PROMPT:
Your reply should contain nothing except the lines from the one with "NY Jets Nick Mangold 74 Football T-Shirt" through the end of the listing below, reproduced exactly and stripped of pictures.

DATA:
■ ■ ■ ■ ■

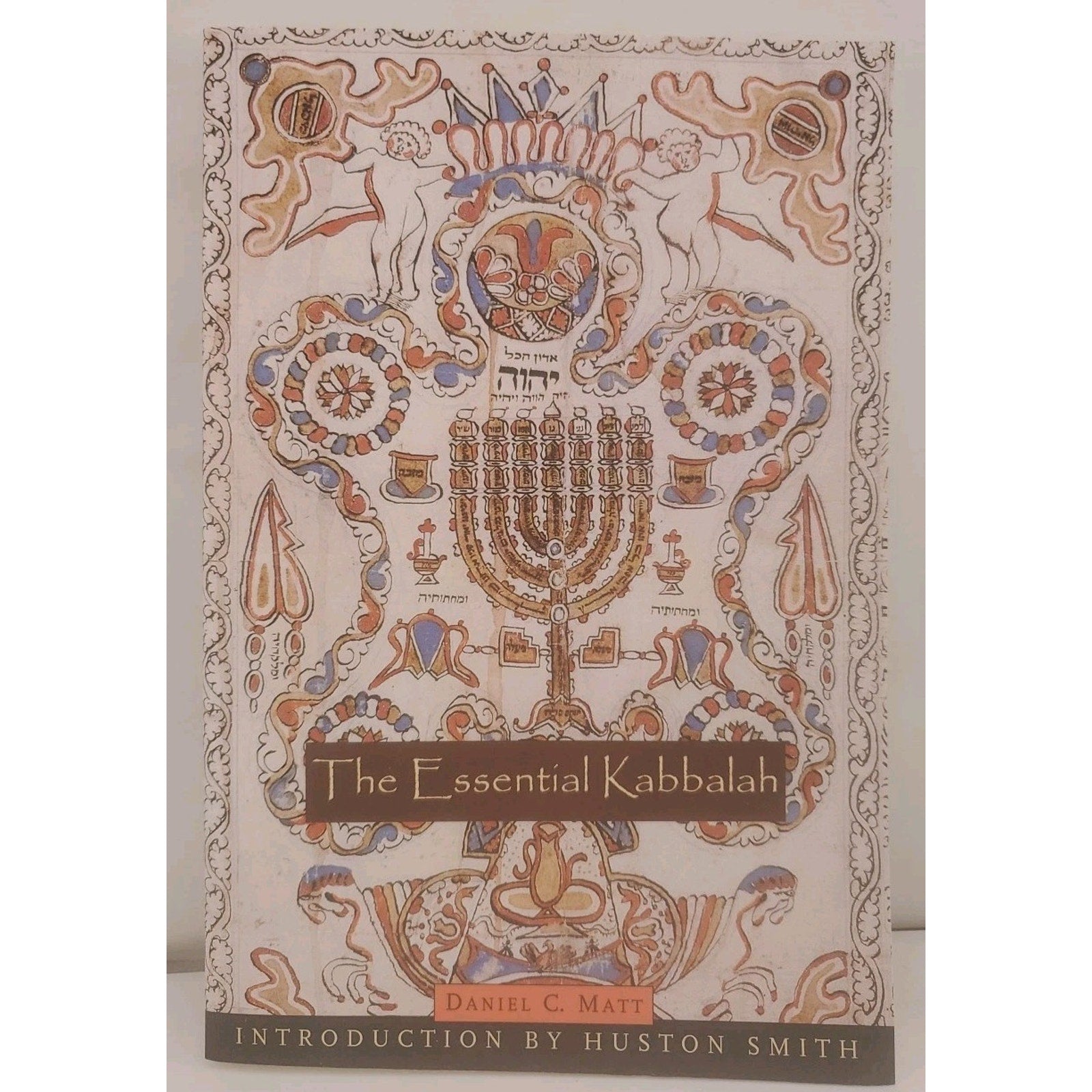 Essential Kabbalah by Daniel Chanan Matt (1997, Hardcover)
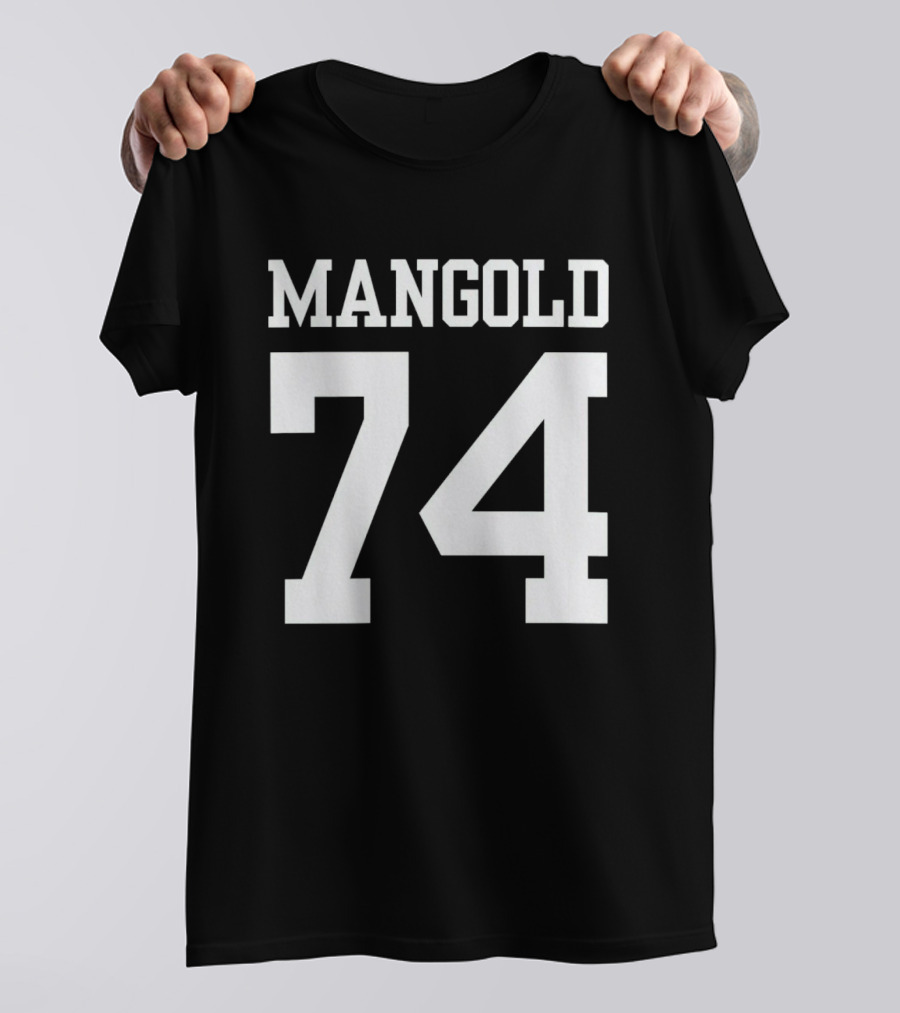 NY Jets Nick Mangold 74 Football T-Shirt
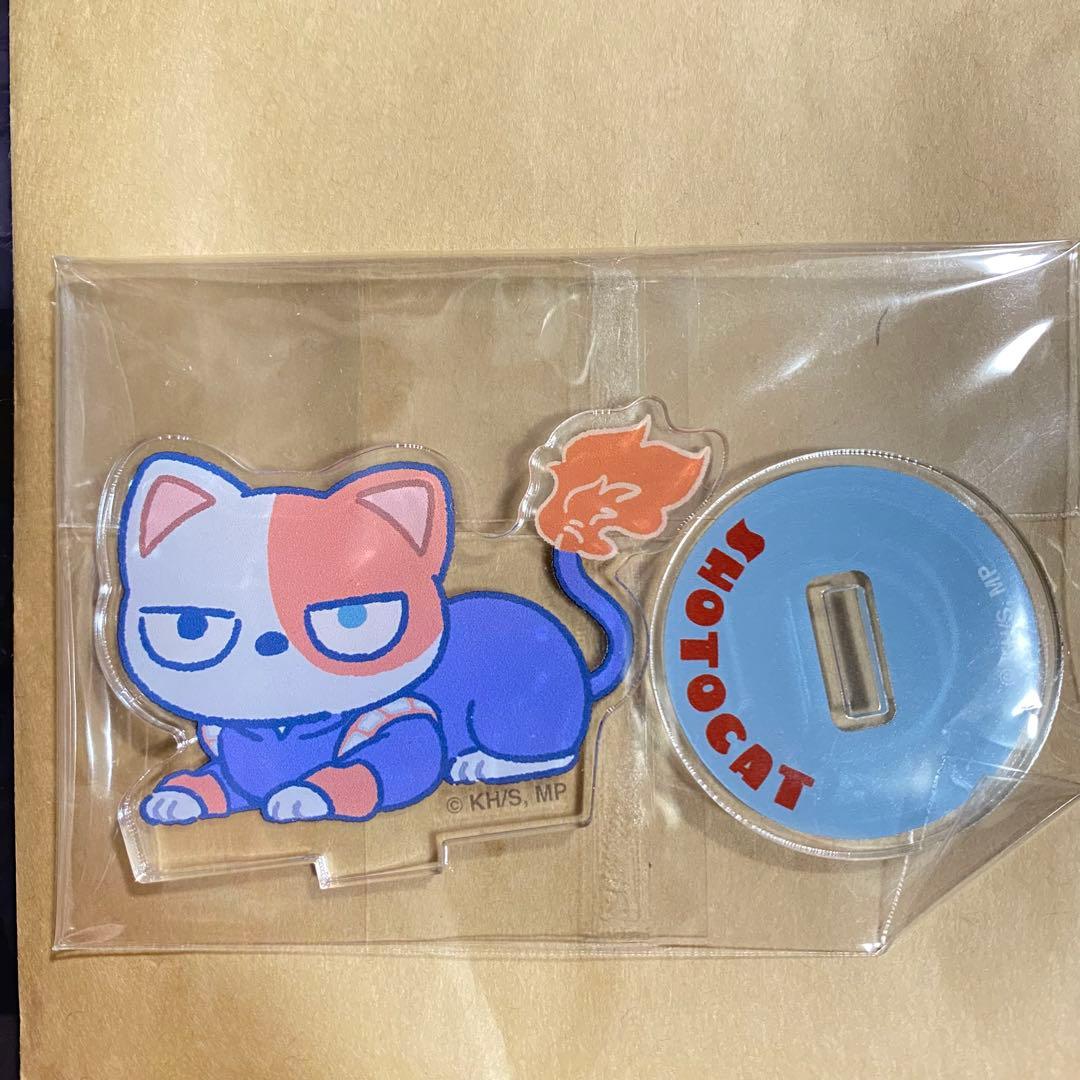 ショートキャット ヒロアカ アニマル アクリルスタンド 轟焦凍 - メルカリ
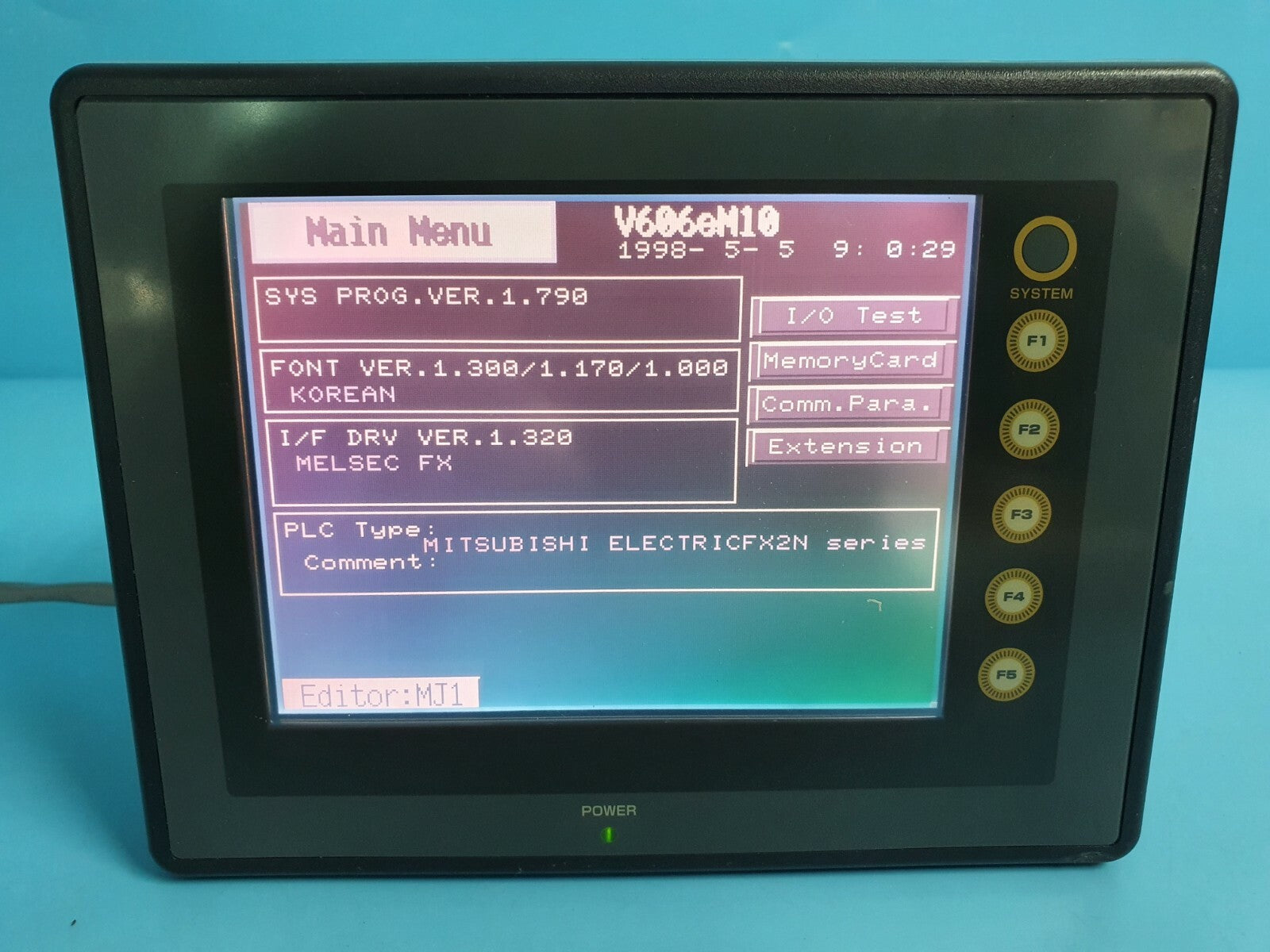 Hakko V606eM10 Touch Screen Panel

■ ■ ■ ■ ■

ANSWER TO THE EXERCISE:
 NY Jets Nick Mangold 74 Football T-Shirt
 ショートキャット ヒロアカ アニマル アクリルスタンド 轟焦凍 - メルカリ
 Hakko V606eM10 Touch Screen Panel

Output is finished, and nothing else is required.